Try it —
From the data below, set down exactly the lines between the one holding "Teljesítményelektronika a következő" and the one holding "Livro Literatura infantil", inclusive, and no others.

Data in this exercise —

- Opening Delimiter -

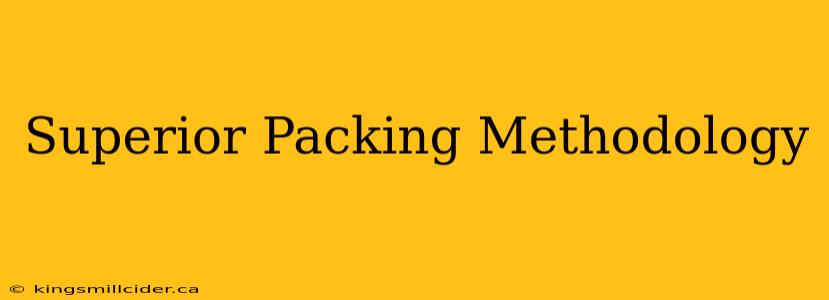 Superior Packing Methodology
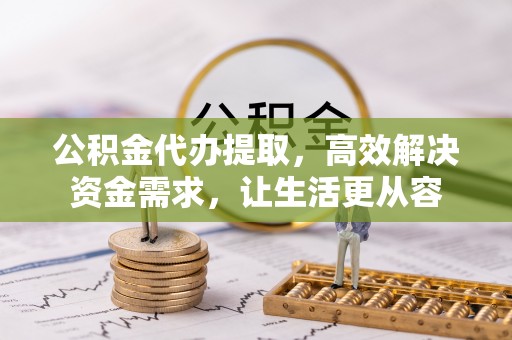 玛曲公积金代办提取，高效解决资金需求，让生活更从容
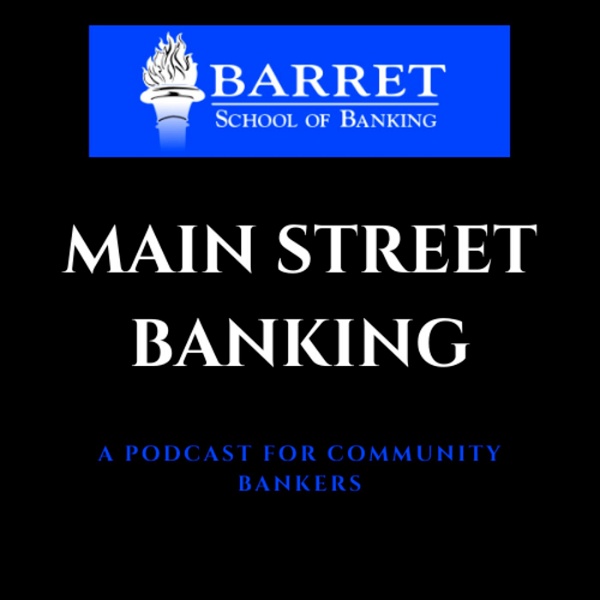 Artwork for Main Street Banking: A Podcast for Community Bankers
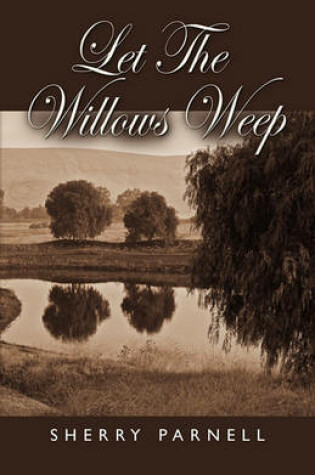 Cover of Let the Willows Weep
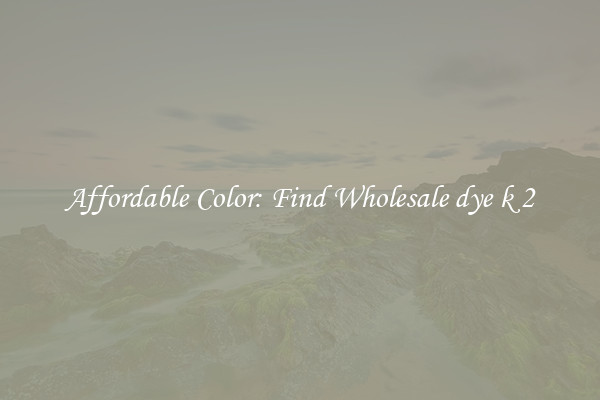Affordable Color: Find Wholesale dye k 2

- Closing Delimiter -
- Opening Delimiter -

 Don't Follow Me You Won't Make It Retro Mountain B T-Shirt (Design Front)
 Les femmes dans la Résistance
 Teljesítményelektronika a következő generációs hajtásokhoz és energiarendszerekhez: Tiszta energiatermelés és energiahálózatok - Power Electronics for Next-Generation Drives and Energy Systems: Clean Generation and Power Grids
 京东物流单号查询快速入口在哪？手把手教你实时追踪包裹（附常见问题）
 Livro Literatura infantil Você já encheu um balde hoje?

- Closing Delimiter -
- Opening Delimiter -

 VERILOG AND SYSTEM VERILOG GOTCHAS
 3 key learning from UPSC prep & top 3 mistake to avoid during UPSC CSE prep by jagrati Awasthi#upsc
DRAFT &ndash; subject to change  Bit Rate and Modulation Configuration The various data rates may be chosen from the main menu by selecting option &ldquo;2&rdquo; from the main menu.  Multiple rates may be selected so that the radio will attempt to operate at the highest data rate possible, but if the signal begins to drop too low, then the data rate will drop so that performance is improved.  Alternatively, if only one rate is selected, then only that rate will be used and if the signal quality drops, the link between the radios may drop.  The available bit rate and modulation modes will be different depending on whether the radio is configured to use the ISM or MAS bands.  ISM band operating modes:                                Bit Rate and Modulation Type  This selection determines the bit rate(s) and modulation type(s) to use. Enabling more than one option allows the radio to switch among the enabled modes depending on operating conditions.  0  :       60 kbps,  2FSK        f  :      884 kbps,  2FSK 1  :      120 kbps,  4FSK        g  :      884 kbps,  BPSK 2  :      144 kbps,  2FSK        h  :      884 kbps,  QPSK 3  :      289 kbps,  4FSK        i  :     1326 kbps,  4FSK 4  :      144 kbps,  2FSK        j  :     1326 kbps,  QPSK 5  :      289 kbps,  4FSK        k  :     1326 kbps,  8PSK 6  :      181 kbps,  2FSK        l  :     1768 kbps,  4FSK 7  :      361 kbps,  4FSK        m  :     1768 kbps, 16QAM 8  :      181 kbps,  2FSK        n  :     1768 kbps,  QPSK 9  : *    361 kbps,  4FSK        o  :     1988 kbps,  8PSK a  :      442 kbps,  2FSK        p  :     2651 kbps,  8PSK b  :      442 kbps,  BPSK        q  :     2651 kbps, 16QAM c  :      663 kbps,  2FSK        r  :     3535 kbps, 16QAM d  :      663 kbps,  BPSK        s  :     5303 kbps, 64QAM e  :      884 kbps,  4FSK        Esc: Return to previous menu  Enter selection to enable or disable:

- Closing Delimiter -

Written reply —
 Teljesítményelektronika a következő generációs hajtásokhoz és energiarendszerekhez: Tiszta energiatermelés és energiahálózatok - Power Electronics for Next-Generation Drives and Energy Systems: Clean Generation and Power Grids
 京东物流单号查询快速入口在哪？手把手教你实时追踪包裹（附常见问题）
 Livro Literatura infantil Você já encheu um balde hoje?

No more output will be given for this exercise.